Work out the number of lines in the listing below that include "Print", and answer with it alone.

··· INPUT DATA

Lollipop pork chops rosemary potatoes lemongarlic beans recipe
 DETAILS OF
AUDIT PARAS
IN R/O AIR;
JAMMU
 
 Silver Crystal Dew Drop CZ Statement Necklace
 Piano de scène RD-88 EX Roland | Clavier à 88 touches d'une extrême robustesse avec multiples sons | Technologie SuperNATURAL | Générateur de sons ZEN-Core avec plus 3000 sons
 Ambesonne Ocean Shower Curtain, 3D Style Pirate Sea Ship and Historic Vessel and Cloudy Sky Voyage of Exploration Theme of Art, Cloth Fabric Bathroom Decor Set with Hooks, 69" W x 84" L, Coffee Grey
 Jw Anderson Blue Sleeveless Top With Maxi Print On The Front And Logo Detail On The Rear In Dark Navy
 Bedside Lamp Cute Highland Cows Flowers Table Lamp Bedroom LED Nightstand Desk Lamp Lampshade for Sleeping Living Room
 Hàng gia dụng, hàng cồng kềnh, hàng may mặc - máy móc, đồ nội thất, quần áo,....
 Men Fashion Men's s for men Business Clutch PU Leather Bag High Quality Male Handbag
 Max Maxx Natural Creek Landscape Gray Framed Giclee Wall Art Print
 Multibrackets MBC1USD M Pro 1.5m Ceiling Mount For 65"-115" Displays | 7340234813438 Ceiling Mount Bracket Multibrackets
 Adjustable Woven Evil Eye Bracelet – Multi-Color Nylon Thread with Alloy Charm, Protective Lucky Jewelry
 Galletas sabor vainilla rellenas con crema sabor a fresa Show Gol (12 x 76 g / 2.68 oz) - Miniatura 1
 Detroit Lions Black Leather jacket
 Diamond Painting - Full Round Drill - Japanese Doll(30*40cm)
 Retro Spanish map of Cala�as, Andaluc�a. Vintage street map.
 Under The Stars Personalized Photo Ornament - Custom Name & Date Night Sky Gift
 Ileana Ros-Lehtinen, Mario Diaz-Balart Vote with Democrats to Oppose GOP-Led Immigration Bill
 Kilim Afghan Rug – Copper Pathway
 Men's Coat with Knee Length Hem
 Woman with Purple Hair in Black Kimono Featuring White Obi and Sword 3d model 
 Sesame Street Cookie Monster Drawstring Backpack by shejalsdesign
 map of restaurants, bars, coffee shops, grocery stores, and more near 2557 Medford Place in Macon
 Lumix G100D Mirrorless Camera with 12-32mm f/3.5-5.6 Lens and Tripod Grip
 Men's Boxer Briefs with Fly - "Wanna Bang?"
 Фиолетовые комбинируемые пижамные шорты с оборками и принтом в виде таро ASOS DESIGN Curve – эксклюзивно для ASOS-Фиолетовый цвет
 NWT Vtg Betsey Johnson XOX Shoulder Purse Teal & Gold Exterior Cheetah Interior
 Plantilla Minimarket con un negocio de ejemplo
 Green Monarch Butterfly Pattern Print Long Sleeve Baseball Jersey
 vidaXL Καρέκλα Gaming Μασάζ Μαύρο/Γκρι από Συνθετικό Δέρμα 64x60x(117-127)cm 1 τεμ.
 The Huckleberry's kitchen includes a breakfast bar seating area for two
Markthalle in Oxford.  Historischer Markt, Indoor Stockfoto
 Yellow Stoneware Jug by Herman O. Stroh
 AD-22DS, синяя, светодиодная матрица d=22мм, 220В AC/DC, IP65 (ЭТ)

······

FINAL ANSWER:
3